____ Supplied material

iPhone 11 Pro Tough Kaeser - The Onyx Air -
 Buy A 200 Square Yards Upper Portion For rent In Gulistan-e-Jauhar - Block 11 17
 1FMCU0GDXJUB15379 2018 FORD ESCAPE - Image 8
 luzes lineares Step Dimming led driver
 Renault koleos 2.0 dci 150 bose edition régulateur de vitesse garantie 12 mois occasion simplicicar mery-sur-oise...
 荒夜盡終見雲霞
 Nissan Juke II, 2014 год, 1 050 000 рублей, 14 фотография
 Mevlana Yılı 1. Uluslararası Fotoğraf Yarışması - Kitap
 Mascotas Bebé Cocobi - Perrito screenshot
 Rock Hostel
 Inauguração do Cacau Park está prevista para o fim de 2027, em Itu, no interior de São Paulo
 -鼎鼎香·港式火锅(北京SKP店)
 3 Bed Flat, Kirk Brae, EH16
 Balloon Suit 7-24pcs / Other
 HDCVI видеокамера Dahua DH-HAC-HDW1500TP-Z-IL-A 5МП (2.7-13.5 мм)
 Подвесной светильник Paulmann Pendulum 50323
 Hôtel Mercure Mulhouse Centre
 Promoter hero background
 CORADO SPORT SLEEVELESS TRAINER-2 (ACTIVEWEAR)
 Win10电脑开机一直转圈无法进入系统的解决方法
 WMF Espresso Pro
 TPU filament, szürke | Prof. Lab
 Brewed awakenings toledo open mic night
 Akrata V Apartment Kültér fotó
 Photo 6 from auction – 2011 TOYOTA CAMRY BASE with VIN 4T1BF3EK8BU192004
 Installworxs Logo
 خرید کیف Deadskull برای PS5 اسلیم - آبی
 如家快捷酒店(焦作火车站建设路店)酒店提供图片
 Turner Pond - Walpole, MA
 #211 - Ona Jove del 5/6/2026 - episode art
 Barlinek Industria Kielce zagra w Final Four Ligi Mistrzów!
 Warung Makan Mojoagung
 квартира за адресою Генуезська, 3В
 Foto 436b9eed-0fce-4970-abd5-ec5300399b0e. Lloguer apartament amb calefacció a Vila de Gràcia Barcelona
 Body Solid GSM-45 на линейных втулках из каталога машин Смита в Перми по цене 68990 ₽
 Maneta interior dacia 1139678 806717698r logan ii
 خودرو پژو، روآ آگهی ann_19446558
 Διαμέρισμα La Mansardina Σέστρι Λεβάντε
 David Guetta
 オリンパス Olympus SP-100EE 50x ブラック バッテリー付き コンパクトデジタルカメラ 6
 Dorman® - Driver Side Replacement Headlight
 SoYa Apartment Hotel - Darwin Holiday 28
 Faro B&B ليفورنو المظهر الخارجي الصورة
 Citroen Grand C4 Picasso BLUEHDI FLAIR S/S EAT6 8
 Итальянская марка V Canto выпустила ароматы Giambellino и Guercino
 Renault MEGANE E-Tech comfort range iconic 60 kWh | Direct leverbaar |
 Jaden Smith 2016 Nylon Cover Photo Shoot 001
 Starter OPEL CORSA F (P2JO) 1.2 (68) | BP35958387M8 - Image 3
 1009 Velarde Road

________

About this task:
Output nothing but the lines from the one that contains "TPU filament, szürke | Prof. Lab" through the final line of the entries above, exactly as they appear.

Expected answer:
 TPU filament, szürke | Prof. Lab
 Brewed awakenings toledo open mic night
 Akrata V Apartment Kültér fotó
 Photo 6 from auction – 2011 TOYOTA CAMRY BASE with VIN 4T1BF3EK8BU192004
 Installworxs Logo
 خرید کیف Deadskull برای PS5 اسلیم - آبی
 如家快捷酒店(焦作火车站建设路店)酒店提供图片
 Turner Pond - Walpole, MA
 #211 - Ona Jove del 5/6/2026 - episode art
 Barlinek Industria Kielce zagra w Final Four Ligi Mistrzów!
 Warung Makan Mojoagung
 квартира за адресою Генуезська, 3В
 Foto 436b9eed-0fce-4970-abd5-ec5300399b0e. Lloguer apartament amb calefacció a Vila de Gràcia Barcelona
 Body Solid GSM-45 на линейных втулках из каталога машин Смита в Перми по цене 68990 ₽
 Maneta interior dacia 1139678 806717698r logan ii
 خودرو پژو، روآ آگهی ann_19446558
 Διαμέρισμα La Mansardina Σέστρι Λεβάντε
 David Guetta
 オリンパス Olympus SP-100EE 50x ブラック バッテリー付き コンパクトデジタルカメラ 6
 Dorman® - Driver Side Replacement Headlight
 SoYa Apartment Hotel - Darwin Holiday 28
 Faro B&B ليفورنو المظهر الخارجي الصورة
 Citroen Grand C4 Picasso BLUEHDI FLAIR S/S EAT6 8
 Итальянская марка V Canto выпустила ароматы Giambellino и Guercino
 Renault MEGANE E-Tech comfort range iconic 60 kWh | Direct leverbaar |
 Jaden Smith 2016 Nylon Cover Photo Shoot 001
 Starter OPEL CORSA F (P2JO) 1.2 (68) | BP35958387M8 - Image 3
 1009 Velarde Road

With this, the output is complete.